Posted by: luvlydawter | December 17, 2010 12:09 PM | Report abuse

A Midnight Clear

It was on one year when I was decorating the tree &, if my husband would let me, I'd watch it every year while decorating the tree.

The Germans & Americans stuck together put aside their differences for Christmas. Yes, there's some shooting & killing, but still a Christmas movie nonetheless.

More of a Christmas movie than say, Die Hard.

I'll also add Dennis Leary's The Ref to the list.

The imdb summary sorta says it all:
A cat burglar is forced to take a bickering, dysfunctional family hostage on Christmas Eve.

And dysfunctional hilarity ensues.

Posted by: wadejg | December 17, 2010 12:44 PM | Report abuse

Jen, I disagree. Jarhead IS one of the best war movies ever made. Several scenes in the movie are among the more memorable in all of cinema.

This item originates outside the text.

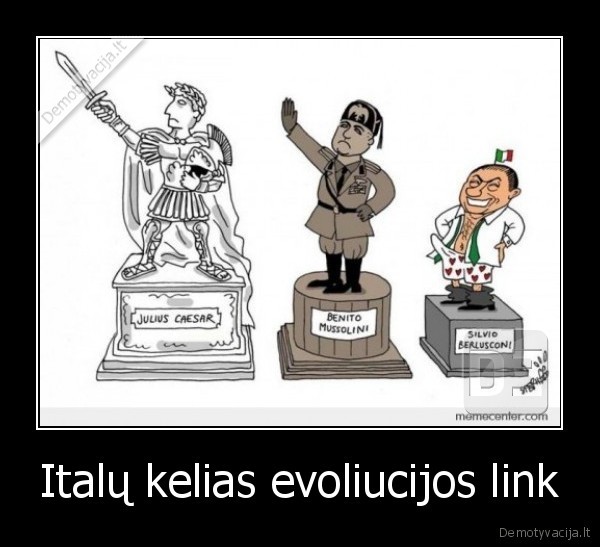 Italų kelias evoliucijos link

Those of you who have not yet seen it, rent it and watch it.

Posted by: sasquatchbigfoot | December 17, 2010 2:51 PM | Report abuse

Why say 'holiday' movies, when each is clearly a Christmas movie?

Posted by: 1911a1 | December 17, 2010 7:06 PM | Report abuse

John Cusack's "Serendipity" is also a Christmas movie, albeit a more conventional one.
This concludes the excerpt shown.